ずっと、黙って聞いていた舜が、ゆっくりと口を開く。




「絢華さん、これからは、俺が、……その助ける役目を引き受けたい」


「えっ」


「俺、今はまだ学生だけど、もう内定もらってるし、四月からはちゃんと社会人するし。……俺と付き合ってほしい」


「舜?」




突然の告白に、どうしたらいいのかわからない。


動揺でどきどきする胸に手をあてながら、そのまま続ける舜の言葉に、また耳を傾けた。




「優太さんのことは、ずっと想っててくれていい。
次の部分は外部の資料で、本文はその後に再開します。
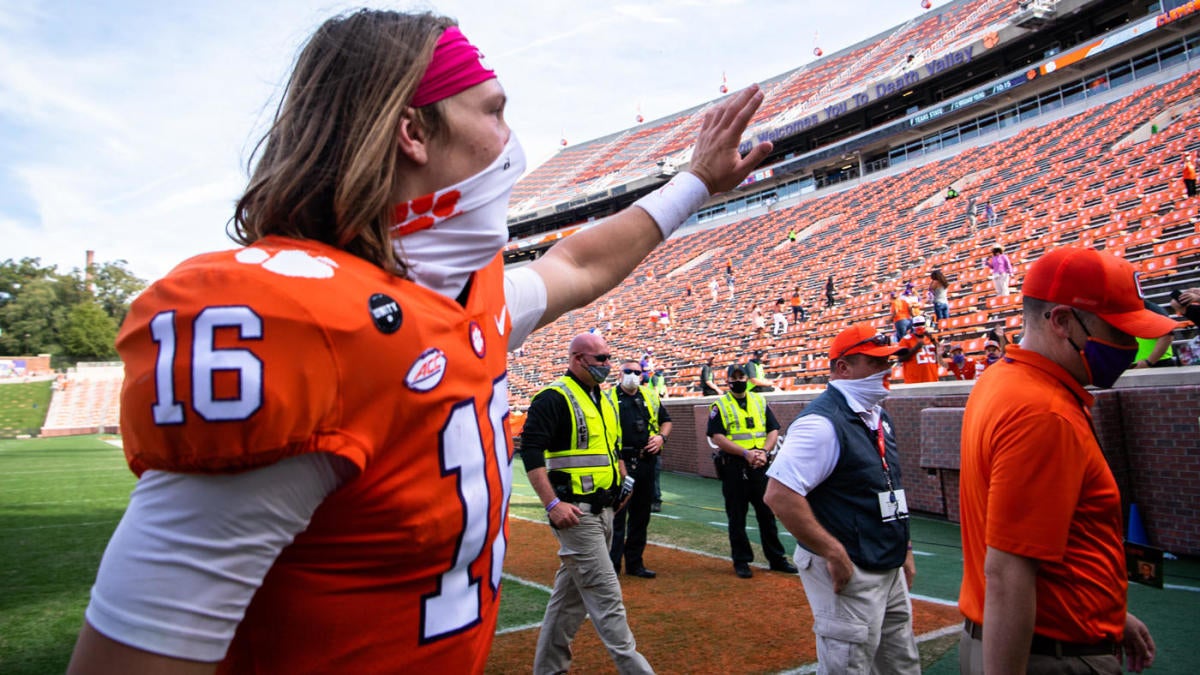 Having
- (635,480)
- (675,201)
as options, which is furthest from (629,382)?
(675,201)

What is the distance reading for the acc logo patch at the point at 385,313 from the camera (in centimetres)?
89

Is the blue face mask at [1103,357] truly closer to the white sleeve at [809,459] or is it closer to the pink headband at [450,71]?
the white sleeve at [809,459]

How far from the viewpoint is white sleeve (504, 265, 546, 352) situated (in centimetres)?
150

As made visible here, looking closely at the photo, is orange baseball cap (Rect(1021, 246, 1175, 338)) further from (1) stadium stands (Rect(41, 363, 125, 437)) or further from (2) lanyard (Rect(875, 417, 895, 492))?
(1) stadium stands (Rect(41, 363, 125, 437))

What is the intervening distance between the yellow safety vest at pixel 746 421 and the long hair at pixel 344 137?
770 cm

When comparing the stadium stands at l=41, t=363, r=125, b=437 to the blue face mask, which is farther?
the stadium stands at l=41, t=363, r=125, b=437

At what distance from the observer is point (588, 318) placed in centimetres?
3909

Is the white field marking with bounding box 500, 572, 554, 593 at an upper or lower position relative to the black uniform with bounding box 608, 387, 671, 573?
lower

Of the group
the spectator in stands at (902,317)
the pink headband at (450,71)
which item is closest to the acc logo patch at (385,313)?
the pink headband at (450,71)

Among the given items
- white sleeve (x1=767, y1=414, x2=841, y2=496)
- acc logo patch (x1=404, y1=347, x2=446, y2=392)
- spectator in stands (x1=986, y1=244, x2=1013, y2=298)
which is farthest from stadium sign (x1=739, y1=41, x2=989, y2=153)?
acc logo patch (x1=404, y1=347, x2=446, y2=392)

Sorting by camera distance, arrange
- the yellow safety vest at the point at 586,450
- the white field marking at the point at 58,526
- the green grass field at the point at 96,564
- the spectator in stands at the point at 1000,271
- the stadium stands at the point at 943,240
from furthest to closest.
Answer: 1. the stadium stands at the point at 943,240
2. the spectator in stands at the point at 1000,271
3. the white field marking at the point at 58,526
4. the yellow safety vest at the point at 586,450
5. the green grass field at the point at 96,564

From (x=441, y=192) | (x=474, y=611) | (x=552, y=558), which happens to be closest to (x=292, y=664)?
(x=474, y=611)

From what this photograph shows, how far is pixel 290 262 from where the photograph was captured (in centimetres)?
88

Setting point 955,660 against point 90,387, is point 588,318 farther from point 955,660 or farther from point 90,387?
point 90,387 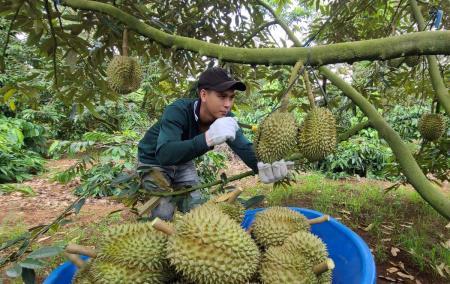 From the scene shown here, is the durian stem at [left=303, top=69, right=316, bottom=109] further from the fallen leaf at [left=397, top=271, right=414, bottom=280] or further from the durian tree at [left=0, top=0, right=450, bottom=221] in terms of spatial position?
the fallen leaf at [left=397, top=271, right=414, bottom=280]

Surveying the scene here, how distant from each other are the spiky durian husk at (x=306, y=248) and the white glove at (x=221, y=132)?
0.65m


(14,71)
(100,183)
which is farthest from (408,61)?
(14,71)

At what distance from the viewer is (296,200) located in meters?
3.78

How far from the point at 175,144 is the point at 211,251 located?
3.10ft

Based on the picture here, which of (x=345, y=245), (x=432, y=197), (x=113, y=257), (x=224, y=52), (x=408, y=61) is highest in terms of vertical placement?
(x=408, y=61)

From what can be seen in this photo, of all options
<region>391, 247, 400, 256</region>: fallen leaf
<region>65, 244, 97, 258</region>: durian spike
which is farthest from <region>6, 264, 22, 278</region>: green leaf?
<region>391, 247, 400, 256</region>: fallen leaf

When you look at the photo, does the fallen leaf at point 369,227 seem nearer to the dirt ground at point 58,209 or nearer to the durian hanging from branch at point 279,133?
the dirt ground at point 58,209

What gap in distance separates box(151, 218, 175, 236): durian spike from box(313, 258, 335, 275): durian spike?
0.39 metres

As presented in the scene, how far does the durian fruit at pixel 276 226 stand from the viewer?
1117mm

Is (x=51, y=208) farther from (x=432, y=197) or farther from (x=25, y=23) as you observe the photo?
(x=432, y=197)

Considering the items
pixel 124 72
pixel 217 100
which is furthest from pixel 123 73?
pixel 217 100

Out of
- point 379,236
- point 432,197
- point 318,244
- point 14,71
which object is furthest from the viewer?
point 14,71

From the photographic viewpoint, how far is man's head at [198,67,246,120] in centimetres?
185

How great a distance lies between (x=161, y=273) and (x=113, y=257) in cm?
13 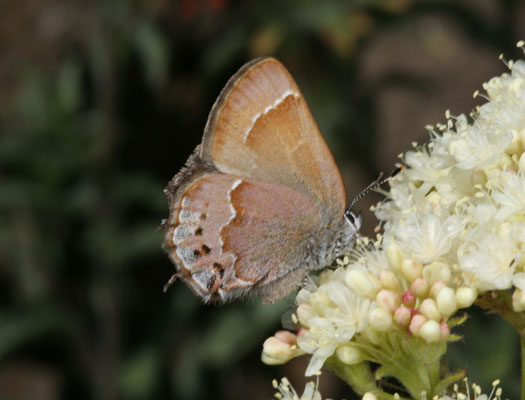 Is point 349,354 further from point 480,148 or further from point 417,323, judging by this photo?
point 480,148

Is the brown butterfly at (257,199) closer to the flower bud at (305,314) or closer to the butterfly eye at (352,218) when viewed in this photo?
the butterfly eye at (352,218)

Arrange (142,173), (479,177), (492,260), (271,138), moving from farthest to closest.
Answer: (142,173), (271,138), (479,177), (492,260)

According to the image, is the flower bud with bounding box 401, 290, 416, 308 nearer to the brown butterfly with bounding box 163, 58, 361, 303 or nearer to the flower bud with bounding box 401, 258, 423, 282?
the flower bud with bounding box 401, 258, 423, 282

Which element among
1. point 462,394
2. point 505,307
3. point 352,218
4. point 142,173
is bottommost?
point 462,394

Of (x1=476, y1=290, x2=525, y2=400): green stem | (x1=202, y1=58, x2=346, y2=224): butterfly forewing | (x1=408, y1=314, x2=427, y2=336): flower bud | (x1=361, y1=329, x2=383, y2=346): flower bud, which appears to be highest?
(x1=202, y1=58, x2=346, y2=224): butterfly forewing

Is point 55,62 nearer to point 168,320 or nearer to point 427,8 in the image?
point 168,320

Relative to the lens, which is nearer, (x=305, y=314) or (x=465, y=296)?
(x=465, y=296)

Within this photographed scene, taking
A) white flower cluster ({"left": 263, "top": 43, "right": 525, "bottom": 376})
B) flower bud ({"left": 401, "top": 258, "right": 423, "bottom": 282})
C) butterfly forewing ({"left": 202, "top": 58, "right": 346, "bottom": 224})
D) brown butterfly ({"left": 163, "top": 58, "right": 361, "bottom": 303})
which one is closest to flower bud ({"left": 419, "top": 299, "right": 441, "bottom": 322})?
white flower cluster ({"left": 263, "top": 43, "right": 525, "bottom": 376})

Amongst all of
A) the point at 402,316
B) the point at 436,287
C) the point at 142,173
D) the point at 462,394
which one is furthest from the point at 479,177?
the point at 142,173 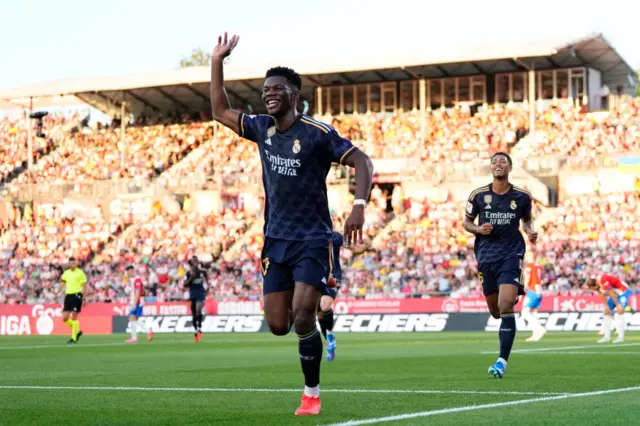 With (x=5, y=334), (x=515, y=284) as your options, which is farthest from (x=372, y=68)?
(x=515, y=284)

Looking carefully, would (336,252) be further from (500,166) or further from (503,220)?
(500,166)

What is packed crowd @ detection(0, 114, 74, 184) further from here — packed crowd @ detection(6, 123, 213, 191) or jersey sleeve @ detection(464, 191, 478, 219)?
jersey sleeve @ detection(464, 191, 478, 219)

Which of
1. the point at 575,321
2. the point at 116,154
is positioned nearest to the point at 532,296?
the point at 575,321

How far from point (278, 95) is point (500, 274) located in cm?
573

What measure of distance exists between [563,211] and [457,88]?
12.9 metres

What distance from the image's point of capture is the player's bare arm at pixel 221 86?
9.71m

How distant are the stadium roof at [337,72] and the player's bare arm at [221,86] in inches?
1677

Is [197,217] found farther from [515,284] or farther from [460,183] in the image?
[515,284]

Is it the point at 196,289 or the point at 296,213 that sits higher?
the point at 296,213

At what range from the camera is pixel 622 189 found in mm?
47188

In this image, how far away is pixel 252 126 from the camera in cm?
969

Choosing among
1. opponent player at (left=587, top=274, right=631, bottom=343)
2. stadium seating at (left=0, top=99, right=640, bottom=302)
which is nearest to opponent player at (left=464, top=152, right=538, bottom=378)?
opponent player at (left=587, top=274, right=631, bottom=343)

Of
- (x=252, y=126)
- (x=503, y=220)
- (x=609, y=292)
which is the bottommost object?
(x=609, y=292)

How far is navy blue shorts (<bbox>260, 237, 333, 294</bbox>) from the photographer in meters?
9.35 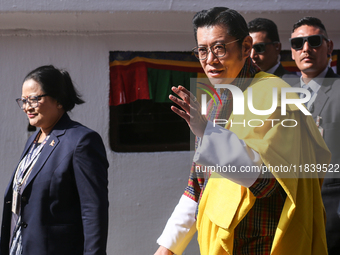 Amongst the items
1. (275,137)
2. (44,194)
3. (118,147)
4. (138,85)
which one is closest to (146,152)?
(118,147)

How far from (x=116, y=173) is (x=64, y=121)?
1.80 meters

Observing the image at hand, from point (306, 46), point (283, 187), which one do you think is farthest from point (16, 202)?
point (306, 46)

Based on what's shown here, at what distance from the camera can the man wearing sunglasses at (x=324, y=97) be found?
8.66 feet

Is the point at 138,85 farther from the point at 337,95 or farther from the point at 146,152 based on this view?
the point at 337,95

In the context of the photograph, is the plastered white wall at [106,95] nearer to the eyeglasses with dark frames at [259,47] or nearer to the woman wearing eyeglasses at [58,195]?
the eyeglasses with dark frames at [259,47]

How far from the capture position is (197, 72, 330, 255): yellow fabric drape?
135 centimetres

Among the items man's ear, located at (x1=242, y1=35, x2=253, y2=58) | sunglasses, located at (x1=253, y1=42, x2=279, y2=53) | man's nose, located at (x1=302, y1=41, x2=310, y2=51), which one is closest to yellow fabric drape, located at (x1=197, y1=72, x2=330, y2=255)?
man's ear, located at (x1=242, y1=35, x2=253, y2=58)

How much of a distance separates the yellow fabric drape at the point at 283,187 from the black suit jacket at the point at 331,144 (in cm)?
115

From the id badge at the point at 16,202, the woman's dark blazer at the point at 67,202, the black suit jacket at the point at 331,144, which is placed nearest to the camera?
the woman's dark blazer at the point at 67,202

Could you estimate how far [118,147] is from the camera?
412cm

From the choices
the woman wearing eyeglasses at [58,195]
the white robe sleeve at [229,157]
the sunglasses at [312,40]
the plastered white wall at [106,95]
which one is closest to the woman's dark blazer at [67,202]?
the woman wearing eyeglasses at [58,195]

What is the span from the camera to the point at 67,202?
2066 mm

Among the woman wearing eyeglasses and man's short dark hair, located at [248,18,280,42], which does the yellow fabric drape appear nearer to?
the woman wearing eyeglasses

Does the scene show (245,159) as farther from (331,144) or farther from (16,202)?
(331,144) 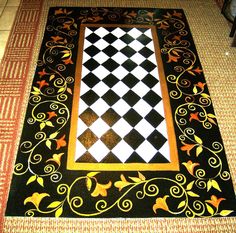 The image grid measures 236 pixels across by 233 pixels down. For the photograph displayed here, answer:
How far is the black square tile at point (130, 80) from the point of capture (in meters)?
2.66

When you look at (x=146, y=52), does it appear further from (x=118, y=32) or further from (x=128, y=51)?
(x=118, y=32)

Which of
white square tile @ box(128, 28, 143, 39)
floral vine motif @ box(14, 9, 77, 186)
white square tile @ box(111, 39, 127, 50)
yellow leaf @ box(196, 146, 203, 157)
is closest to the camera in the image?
floral vine motif @ box(14, 9, 77, 186)

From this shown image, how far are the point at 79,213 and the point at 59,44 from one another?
6.13 ft

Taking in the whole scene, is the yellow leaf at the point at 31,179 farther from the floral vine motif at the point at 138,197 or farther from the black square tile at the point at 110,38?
the black square tile at the point at 110,38

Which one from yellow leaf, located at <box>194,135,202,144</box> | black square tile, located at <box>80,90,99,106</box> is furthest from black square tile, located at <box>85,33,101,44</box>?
yellow leaf, located at <box>194,135,202,144</box>

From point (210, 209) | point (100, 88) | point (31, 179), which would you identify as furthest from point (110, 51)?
point (210, 209)

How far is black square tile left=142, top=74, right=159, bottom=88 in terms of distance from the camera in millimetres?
2658

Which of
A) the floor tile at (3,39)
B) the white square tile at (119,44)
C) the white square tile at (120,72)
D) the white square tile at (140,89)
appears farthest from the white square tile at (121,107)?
the floor tile at (3,39)

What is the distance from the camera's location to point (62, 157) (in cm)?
213

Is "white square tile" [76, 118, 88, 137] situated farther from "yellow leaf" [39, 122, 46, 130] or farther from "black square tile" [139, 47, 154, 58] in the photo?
"black square tile" [139, 47, 154, 58]

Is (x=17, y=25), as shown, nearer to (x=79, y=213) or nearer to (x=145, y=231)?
(x=79, y=213)

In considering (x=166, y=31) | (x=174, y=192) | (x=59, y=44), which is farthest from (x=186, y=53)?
(x=174, y=192)

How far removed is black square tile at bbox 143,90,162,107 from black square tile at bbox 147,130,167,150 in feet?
1.04

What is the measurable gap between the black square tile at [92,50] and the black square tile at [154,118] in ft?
3.16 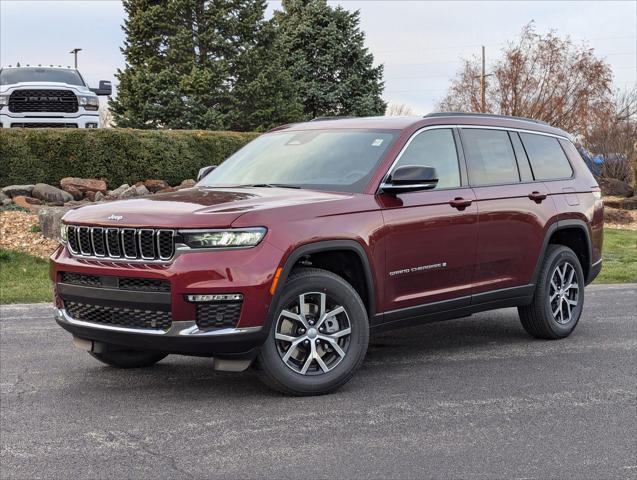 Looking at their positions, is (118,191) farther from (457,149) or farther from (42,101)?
(457,149)

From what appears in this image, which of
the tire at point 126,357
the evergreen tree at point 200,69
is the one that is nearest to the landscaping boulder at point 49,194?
the tire at point 126,357

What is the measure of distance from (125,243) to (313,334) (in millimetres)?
1320

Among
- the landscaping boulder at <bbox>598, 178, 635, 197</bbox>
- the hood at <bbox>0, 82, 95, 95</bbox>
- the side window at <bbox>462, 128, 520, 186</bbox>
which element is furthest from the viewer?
the landscaping boulder at <bbox>598, 178, 635, 197</bbox>

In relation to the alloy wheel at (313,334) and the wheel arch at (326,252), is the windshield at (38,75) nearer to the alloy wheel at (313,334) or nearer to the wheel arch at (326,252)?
the wheel arch at (326,252)

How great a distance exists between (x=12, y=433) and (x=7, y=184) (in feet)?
43.5

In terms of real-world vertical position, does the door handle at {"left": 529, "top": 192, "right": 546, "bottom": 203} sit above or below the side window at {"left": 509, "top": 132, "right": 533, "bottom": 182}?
below

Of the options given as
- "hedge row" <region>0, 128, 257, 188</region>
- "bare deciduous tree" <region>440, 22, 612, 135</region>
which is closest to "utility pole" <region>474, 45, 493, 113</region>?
"bare deciduous tree" <region>440, 22, 612, 135</region>

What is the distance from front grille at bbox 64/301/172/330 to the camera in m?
5.59

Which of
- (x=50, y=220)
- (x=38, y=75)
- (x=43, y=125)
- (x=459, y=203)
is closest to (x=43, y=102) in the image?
(x=43, y=125)

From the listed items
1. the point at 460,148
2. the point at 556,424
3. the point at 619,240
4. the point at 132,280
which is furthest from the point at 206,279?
the point at 619,240

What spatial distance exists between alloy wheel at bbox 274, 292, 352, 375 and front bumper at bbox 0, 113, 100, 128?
14545 millimetres

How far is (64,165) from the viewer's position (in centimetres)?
1792

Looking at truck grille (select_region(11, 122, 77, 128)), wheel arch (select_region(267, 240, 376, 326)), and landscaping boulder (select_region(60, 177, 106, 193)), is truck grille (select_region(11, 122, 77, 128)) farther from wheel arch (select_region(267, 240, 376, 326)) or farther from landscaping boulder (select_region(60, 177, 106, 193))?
wheel arch (select_region(267, 240, 376, 326))

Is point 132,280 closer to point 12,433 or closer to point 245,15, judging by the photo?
point 12,433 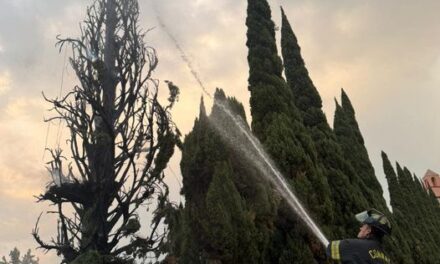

泣きたい時には泣けばいい。……ただ、それは俺の傍でやってほしい」




何気なく言った舜のこの言葉……


普通に考えて、簡単に言えるものじゃない。


ふと、蓮くんが言っていた言葉を思い出した。




『いつか、絢華さんを受けとめてくれる男があらわれたら、その人はほんとに凄い人なんだと思いますよ』


『絢華さんを愛すると同時に、絢華さんの心の中に住み続ける優太さんの影も、一生見ていかなきゃならないですからね』




舜は、あたしにとって、こういう人なの?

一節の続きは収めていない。